Rooney et al. were able to study pre- and planned post-operation vegetative cover at only four of the ten mining operations in the area (the Horizon, Jackpine, Muskeg, and Kearl mines) the others declining to comply. This represented 42% of the total area earmarked for oil-sands extraction.
Vegetation cover at the four mines prior to the extraction operation. From Rooney et al. (2012) supplemental information.
Rooney et al. found that the environment in the effected areas will change substantially, most notably in the loss of 124 km² of peatland and an increase in upland forest of 150 km² of upland forest, primarily plantation conifers. They calculate that if a similar pattern is followed at the other six mines then a total of about 300 km² of peatland will be lost.
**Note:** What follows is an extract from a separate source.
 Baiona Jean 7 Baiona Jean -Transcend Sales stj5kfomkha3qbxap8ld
Planned restored vegetation after the mining operations are complete. From Rooneyet al. (2012) supplemental information.
The University of Alberta team note that while the mining operations are obliged to return the sites to a 'natural state', this does not have to be the same state as prior to extraction, and that Alberta has no official state policy requiring the replacement of wetlands. They also observe that it would be far easier to restore well-drained upland forest than peatlands, due to the way in which the mining operation will alter the overall landscape.
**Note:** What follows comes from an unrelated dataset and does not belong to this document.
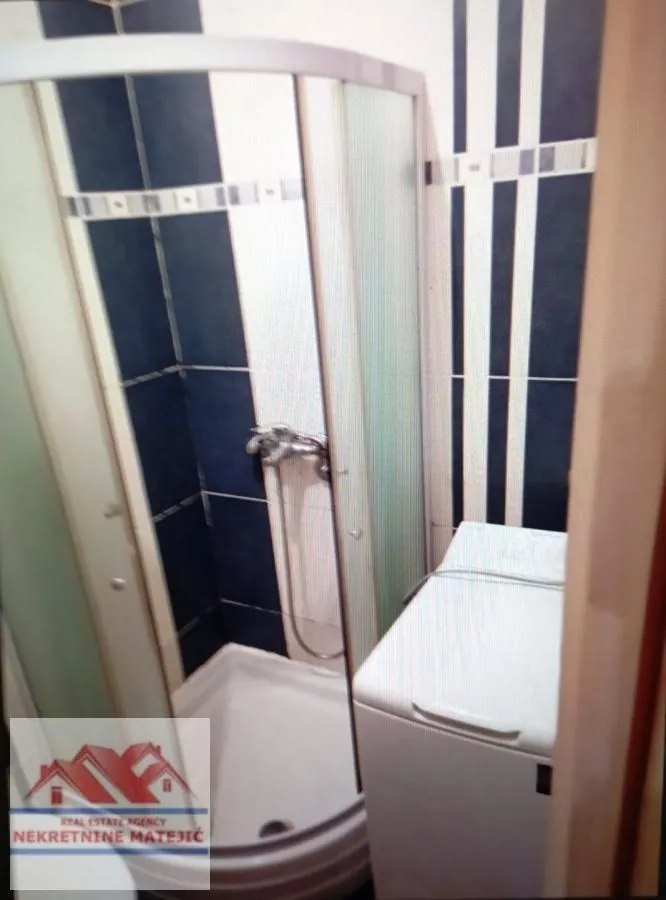 Prodaja, jednosoban stan, 38m², Erdoglija, Kragujevac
Boreal forests, and in particular peatlands within them, are major global carbon sinks. Rooney et al. calculate that the loss of 150 km² of peatland will lead to between 4.8 and 19.9 million tonnes of Carbon Dioxide (CO₂) being discharged into the atmosphere. Scaling this up across all the concessions gives a total figure of between 11.4 and 47.3 million tonnes of CO₂.
Based upon this Rooney et al. raise concerns that oil-sands sourced hydrocarbons will be far more CO₂ intensive than currently anticipated, and reject industry claims that extractors will 'return the land we use - including reclaiming tailings ponds - to a sustainable landscape that is equal to or better than how we found it' and 'will be replanted with the same trees and plants and formed into habitat for the same species' as 'greenwash'.